Добавить в цитаты Настройки чтения

Страница 13 из 41

— Спасибо, вполне терпимо.

— Можно еще вопрос, мистер Эрмин?

— Да, конечно.

— Что заставляет вас… заниматься таким делом? Ведь вы рискуете… Деньги?

— Я вчера впервые присутствовал на обряде. И он мне понравился. Да, представьте себе. Так вот, у меня тоже есть Дерево духов. Я служу ему, как могу…

Амабага недоверчиво глянул на меня, но промолчал.

Мои помощники появились часа через два. Я уже стал терять терпение. Впереди важно шествовал Анугу с большим ящиком на голове, за ним плелись Мгунгу и Акоре. Вид у них был невеселый. Шествие замыкали два воина с поклажей.

Увидев меня, Мгунгу сказал:

— Мистер Эрмин, мы думали, с вами что-то случилось

— Я же послал записку. Ладно, Мгунгу, все в порядке. Рад вас видеть. Времени у нас мало, придется обойтись без отдыха Вы, Мгунгу, пойдете со мной на остров осматривать больных, а Юсуф и Акоре займутся устройством.

Акоре согласно кивнул и подтянулся — в нем чувствовался солдат. Юсуф принес мой врачебный чемоданчик и флягу с водой.

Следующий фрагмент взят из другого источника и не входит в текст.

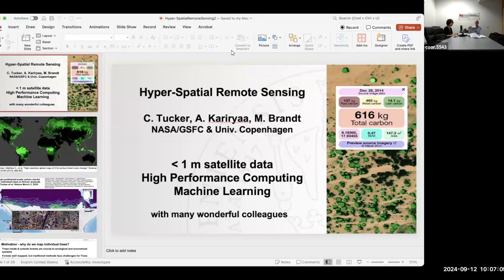University of Copenhagen. In addition to myself, the three of us have been working for the past six or seven years on using 50-centimeter satellite data in large volumes to map trees at the tree level, and most recently we have converted them into carbon over an area of 10 million square kilometers from the Atlantic Ocean to the Red Sea.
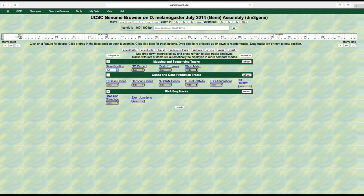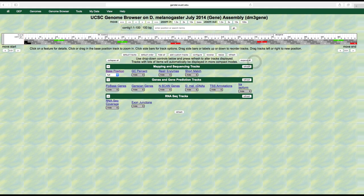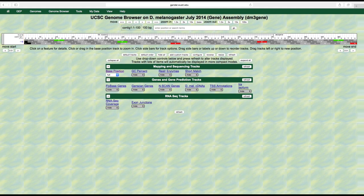Let's change the base position track to full to see more information associated with this feature. Click full and hit refresh. Below the bases we now see gray boxes — these indicate the amino acids that are called for by each codon, or set of three bases. There are three rows of these boxes because there are three possible reading frames depending on which base is used to begin the first codon. The first reading frame starts with the very first base of the sequence, the second reading frame starts with the second base, and the third frame with the third base. For each strand of DNA there are three possible reading frames, so there are a total of six possible reading frames because DNA is double stranded.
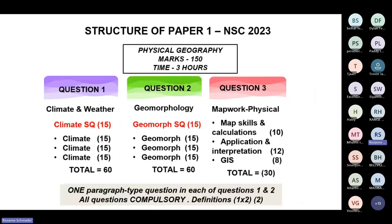Let's quickly recap. The structure of the papers has changed, so we won't be doing climatology and weather in the same paper. In your final exams you will write two papers over two consecutive days. Question one will be on climatology and weather, and question two is geomorphology. The geomorphology question is by far the poorest answered question historically. That will total 60 marks, and then 60 marks for question one.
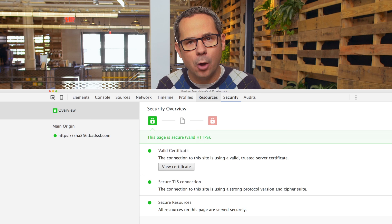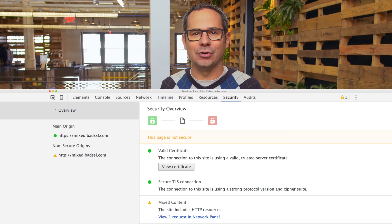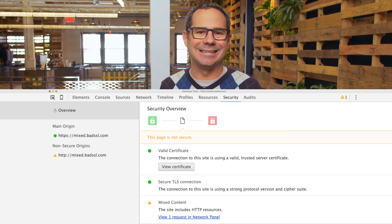There's a new security panel in developer tools to help with this. At a glance, it tells you whether the page is secure or not, and can help you diagnose HTTPS issues. It shows information about the certificate, the protocol and cipher, and the status of all of the sub-resources. To see how it works and some of the different errors it'll help you debug, open the new security panel in developer tools and check out HTTPS badssl.com.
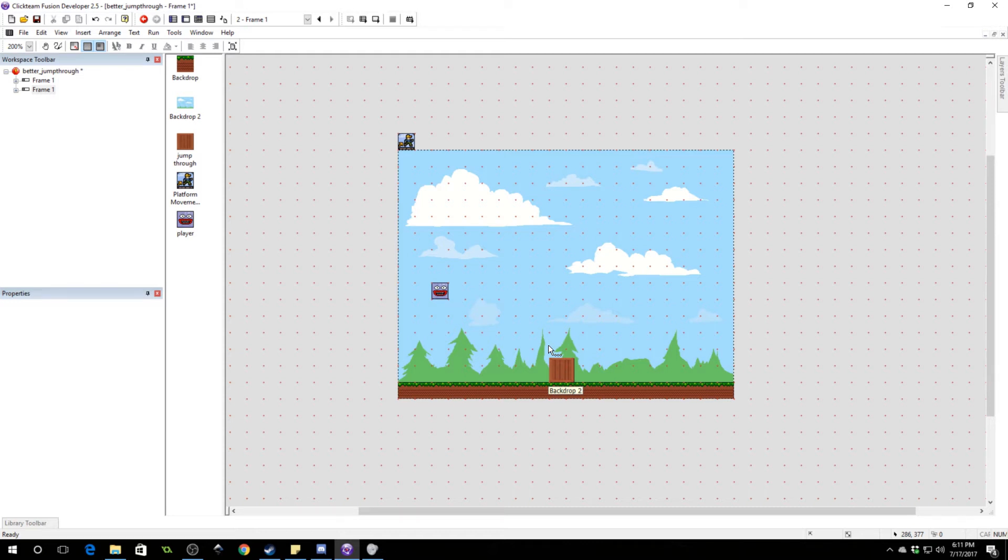It's a bad design. Now, fortunately, this is a real easy fix, so I will show you how to first make a jump through platform, and then I will show you how to make the better one. It's really simple.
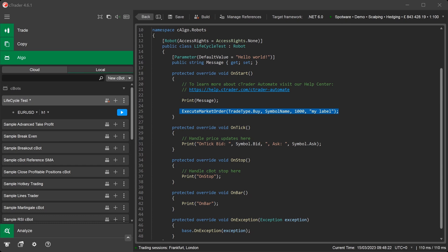The code we have written in the OnStart method will execute a market order with the following configurable parameters: A trade type of Buy, the current symbol, which is of the chart, which is EURUSD, a volume of 1000, and a unique label for the trade, which is My Label.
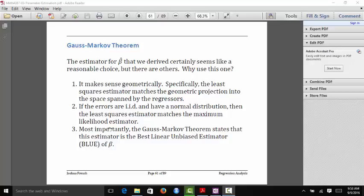However, the main reason that people really like the ordinary least squares estimator is that it is the best linear unbiased estimator of our regression coefficients. The way that you prove that is using something called the Gauss-Markov theorem. Let's talk a bit more about what it means to be the best linear unbiased estimator.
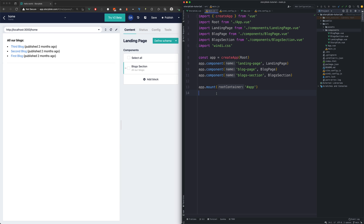Until now we registered every component manually. This can be time consuming if we have a lot of components. With a simple script we can automate this, so we won't need manual registration anymore.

В лодке нас уже ждал Амабага с двумя воинами, совсем еще мальчиками. Они были сильно истощены, глядели на меня с детским любопытством. Сколько небылиц сочинили про кровожадных африканцев, а они доверчивы, как дети. Им удалось сохранить то, к чему иной цивилизованный европеец относится порой с усмешкой: готовность бескорыстно прийти на помощь ближнему, уважение к законам племени и старшим по возрасту. Да и многое другое, в том числе и веру в чудо.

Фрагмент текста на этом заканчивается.